The session takes up this year's AAA conference theme, 'Peace', in an
exploration of heritage, tourism, and the ways public interest anthropology
can address proliferating conflicts arising in tourism at heritage sites.
Previous studies demonstrate how heritage is packaged for public
consumption at highly formal, institutionalized levels such as government
publications, museums, and the sites themselves. However, a public interest
approach to heritage breaks from this top-down model as it fails to account
for another, more informal sphere of heritage discourse and reality.
Heritage is identified, in its first moments, in the language that people
use to make meaningful claims about their past, meanings that subsequently
embody material culture and practices such as performance and tourism.
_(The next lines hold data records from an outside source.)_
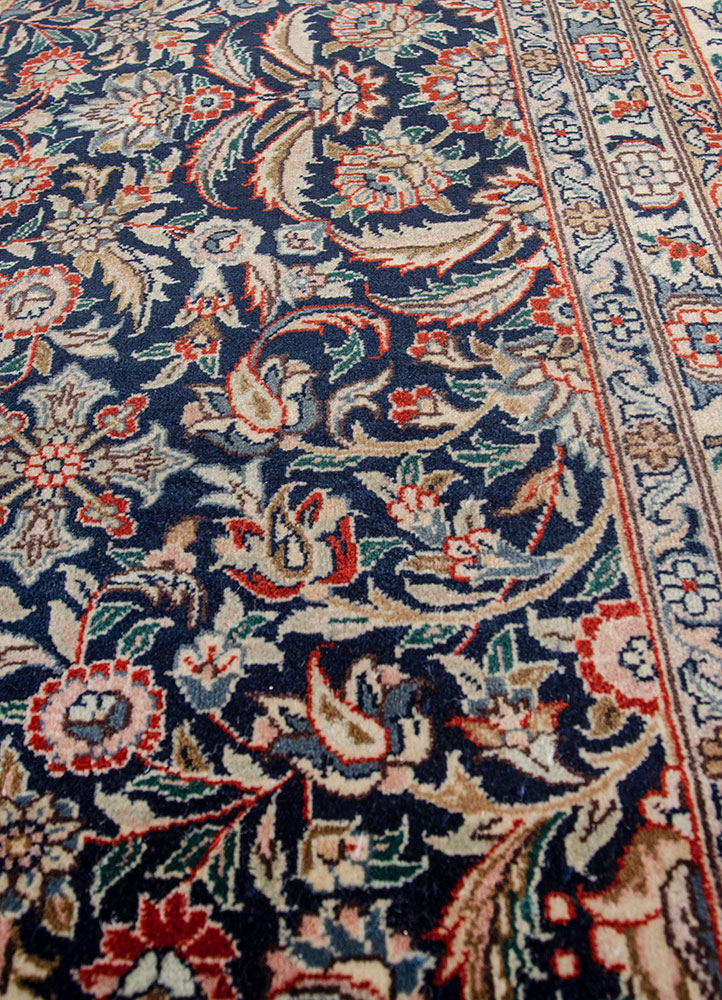 aalam grey and black wool hand knotted Rug - CloseUp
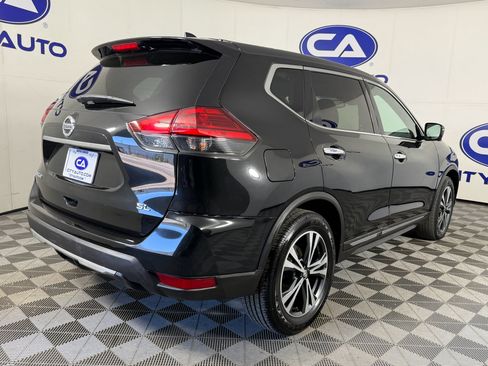 Used 2017 Nissan Rogue SL w/ SL Premium Package FWD image 4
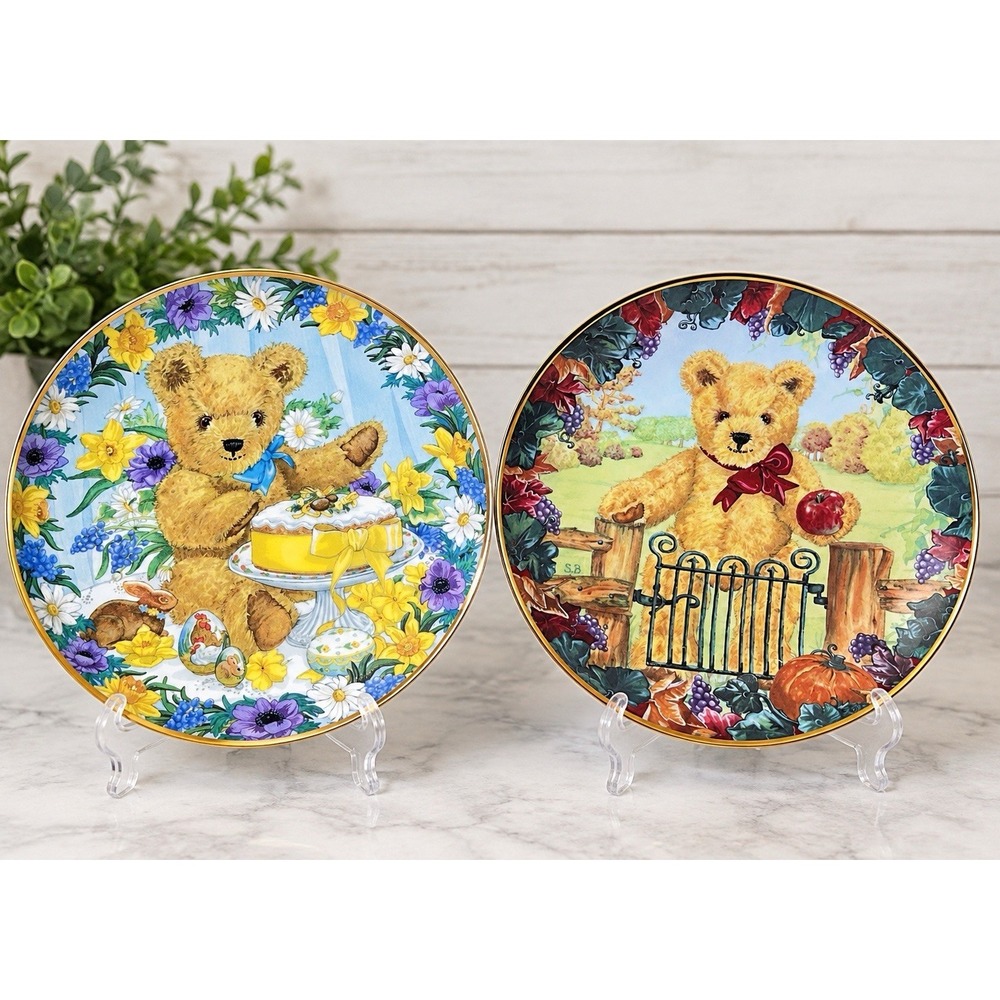 Franklin Mint Sarah Bengry Teddy Bear Collector Plates Set of 2 8" Porcelain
Understanding heritage as an objectifying process allows us to investigate
its powerful role in motivating heritage tourism in local and global
contexts. Although tourists possess differing motives for visiting sites,
people who live in and around heritage sites possess their own
representations and attachments that are often unrecognized. Instead,
powerful local, national, and international interest groups impose formal
representations that agree with their economic and ideological agendas. As
a result, conflicts between promoters, tourists, and local people threaten
preservation and sustainability, and can lead to alienation and, in worst
circumstances, violence.

Given its sensitivity to conflict and dialogue within civil society, public
interest anthropology (PIA) is rightly poised to examine ensuing conflicts
in the global proliferation of heritage and tourism. PIA places civil
society at the center of analysis, investigating how groups form and
conflict with other groups in the promotion of their interests. An
important aspect of PIA is participatory-action research, where the scholar
acts as both researcher and public advocate, aggressively investigating the
reasons for conflict, presenting their findings to all parties, and
participating when invited in consensus building. At the same time, the
scholar remains aware of disparities in power across involved groups and
seeks to readdress this imbalance in the debate. As scholarship and
advocacy combined, PIA offers a powerful research design with which to
explore heritage tourism anew, providing the scholar with a means to
further the goals of anthropological inquiry while promoting the need for
dialogue in civil society.

PIA is a four-field approach and graduate students from all of
anthropology's sub-disciplines and other social sciences are strongly
encouraged to submit a paper for this session. Topics may include studies
exploring how local people formulate ideas about heritage and translate
these ideas into special interests, and prescriptive case studies in the
development and promotion of, and conflict resolution at heritage sites.
Other topics may include particular disjunctures between local, national,
and diasporic heritage sentiments, how local people promote their own
heritage interests (e.g. guiding, selling, advocating) when faced with
competing counter-narratives, and case studies examining the role of
international agencies (e.g. World Bank, UNESCO, NGOs) in inadvertently
promoting and actively resolving conflicts in heritage tourism.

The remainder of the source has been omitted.